The result? The company gets some engineering help, and ``we're able to get practical experience,'' says Neelan Choksi, a junior from Corpus Christi, Texas. Such a joint education-industry project encourages students to get their noses out of textbooks and into the lab - to get a whiff (or, in this case, a taste) of the world of engineering.

Food isn't necessarily a field one would normally associate with engineers, says chemical engineer Feerer, and he received ``incredible teasing'' from the faculty about the project.

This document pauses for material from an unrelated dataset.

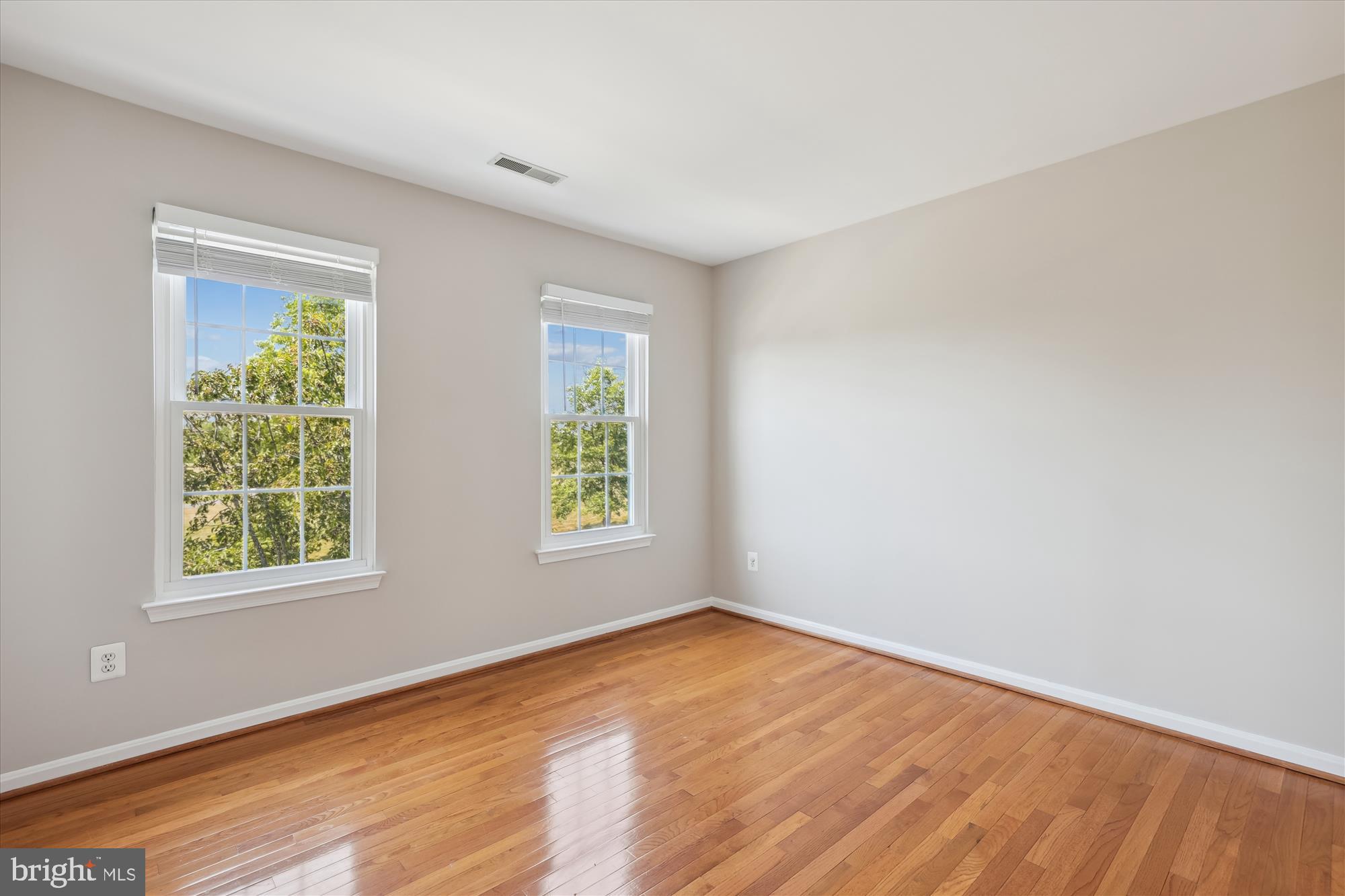 SOUTH RIDING - Residential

``A lot of people may see careers in the food industry as not technical,'' says Mr. Schaffer. ``Part of what we're doing is trying to aid our recruitment efforts.''

``It was really fun working with food,'' says Mr. Berghammer. Some students try to see who can make the tiniest computer or a laser, he says, but working with an everyday item was different: ``It's amazing how much technology goes into it.''

Also, ``with most chemical processes you can't taste the product,'' says Feerer.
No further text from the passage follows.